I guess I'm coming from a place of urgency. I look at every day, every place, every moment of my time. Life is short. If it doesn't involve Jesus, doesn't please his heart, I'm not going there. I don't have time for it. I like what Francis Chan has said often about his grandmother: she was upset one night at a theater because she didn't want to be there when Jesus came back, if he should choose to come back that night. That's how I feel about Halloween. "Hey, Jesus, just got to get that mini snickers next door and I'll be right there to hang with you!"
Another reason I'm so against Halloween is because I did celebrate it during some of the darkest years of my life. It is evil. It opens the door to all kinds of witchcraft and seduction. You are naive if you think it doesn't. Maybe not this year for your kids. Maybe not next year, or the year after that. The devil does lie and wait and strategize... Halloween does delight the heart of satan. I don't care who started Halloween, I know who loves it now. And I sure as hell don't love him back. And he's not getting one ounce of my family any day of the year.
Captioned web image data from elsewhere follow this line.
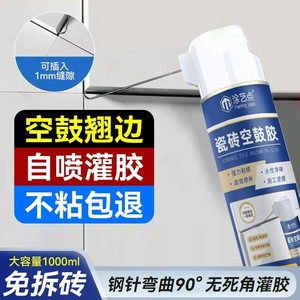 瓷砖修补剂空鼓胶强力粘合钢针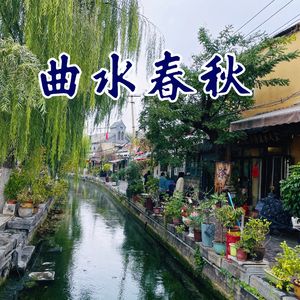 蔡云峰《曲水春秋》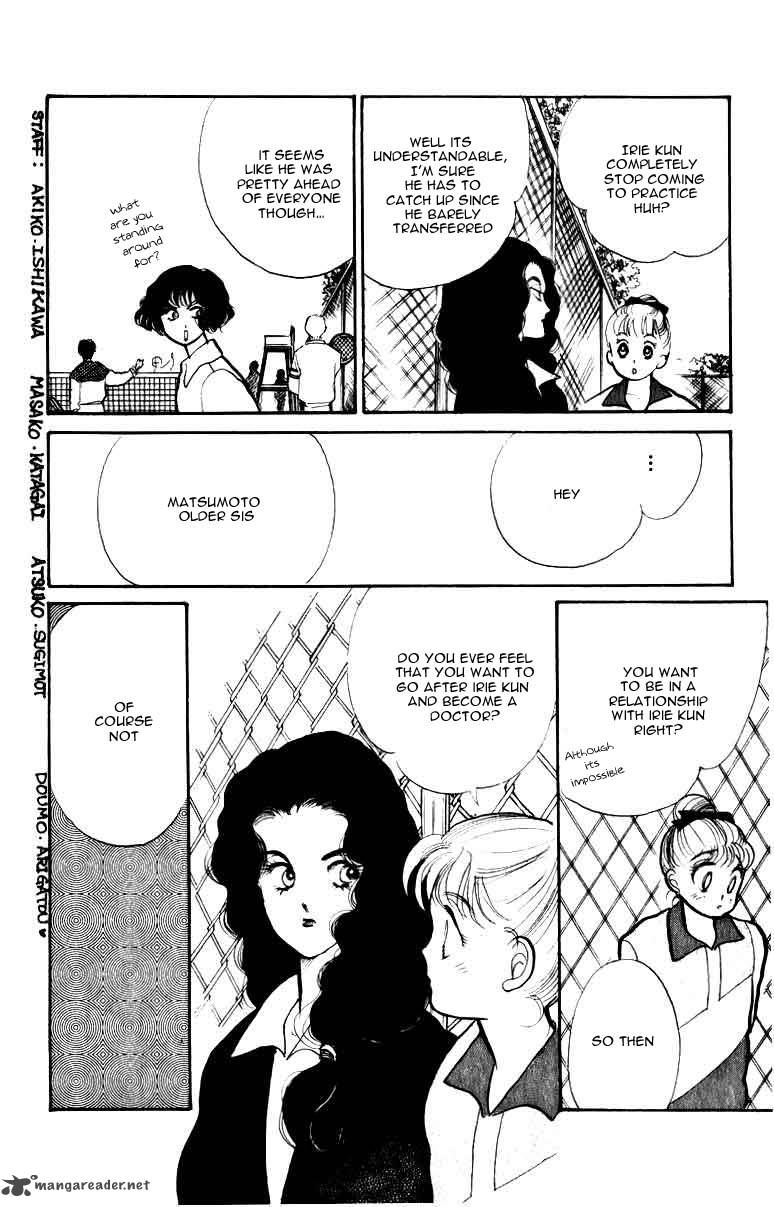Itazura Na Kiss Chapter 33 Page 27
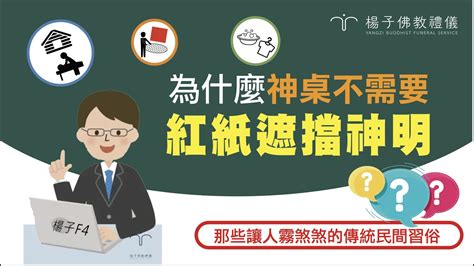 神明紅紙|楊子佛教禮儀公司｜為什麼神桌不需用紅紙遮擋神明｜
I know the peace in walking away from evil. I know how that peace affects my entire household. I know the freedom in following Christ. I don't like the funk and bondage of middleground. There is a veil there that separates me from Jesus. It's what's comfortable, pleasing to man. What's more, Jesus doesn't allow me to stay there. It's part of our pact. Do you have a pact like that with Jesus?
My six-year-old niece has grown up trick-or-treating every Halloween. In the last few months of her very young life, she has seen more sorrow and darkness than any six-year-old should have to see. Many nights she sings out to King Jesus before she goes to bed. This next generation has an acute awareness, I believe, of darkness and light. She sees angels. She knows the breath of demons. That is not an exaggeration.
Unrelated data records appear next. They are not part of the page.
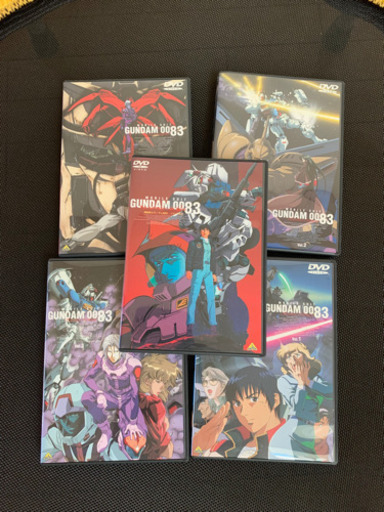 ガンダム0083 5巻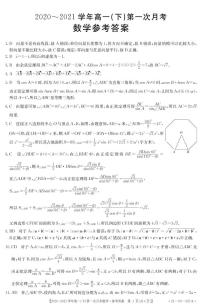 河北省邢台市2020-2021学年高一下学期第一次月考数学答案练习题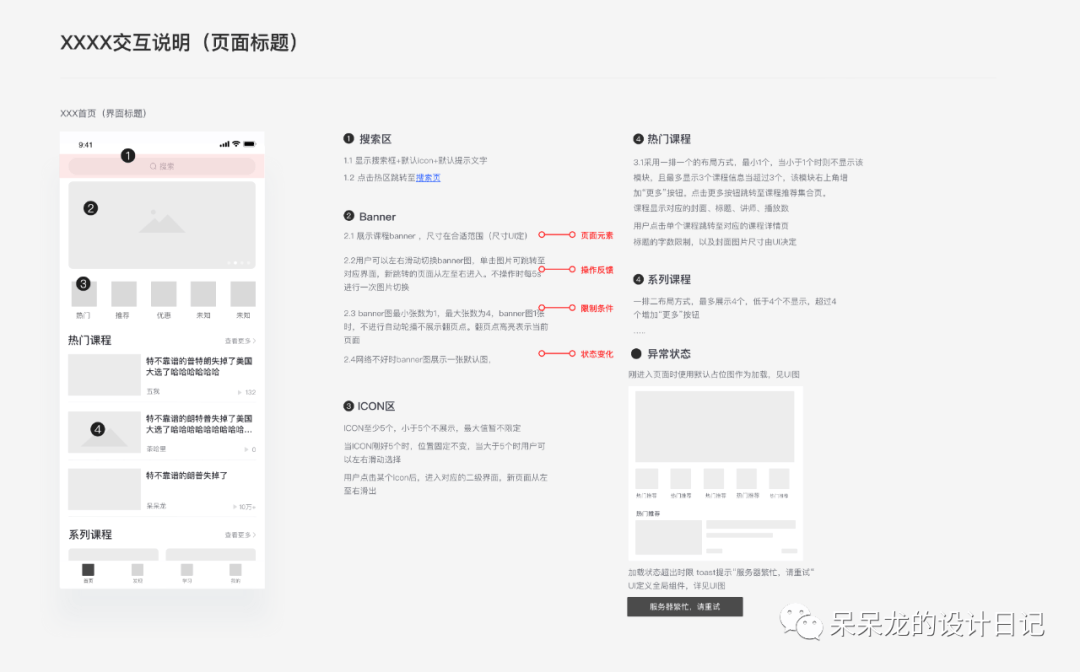 it技能服務_it服務項目經理證書_it服務圖片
Her grandmother who is not a Christian throws a Halloween party for her grandkids every year. This year my niece asked her grandma not to have the haunted hayride because it wasn't pleasing to the Lord, and her grandmother did not go through with it.
No one told my niece to do that. There is no one around her telling her not to celebrate Halloween. But she has seen enough to know, if God's not with her, she's not going to go.
Reformation. A new generation of students who will seek Jesus at all costs. Who have no middle ground. Who have a position in life and it's 100% Jesus. I'm so loving them. Don't you dare mess with them.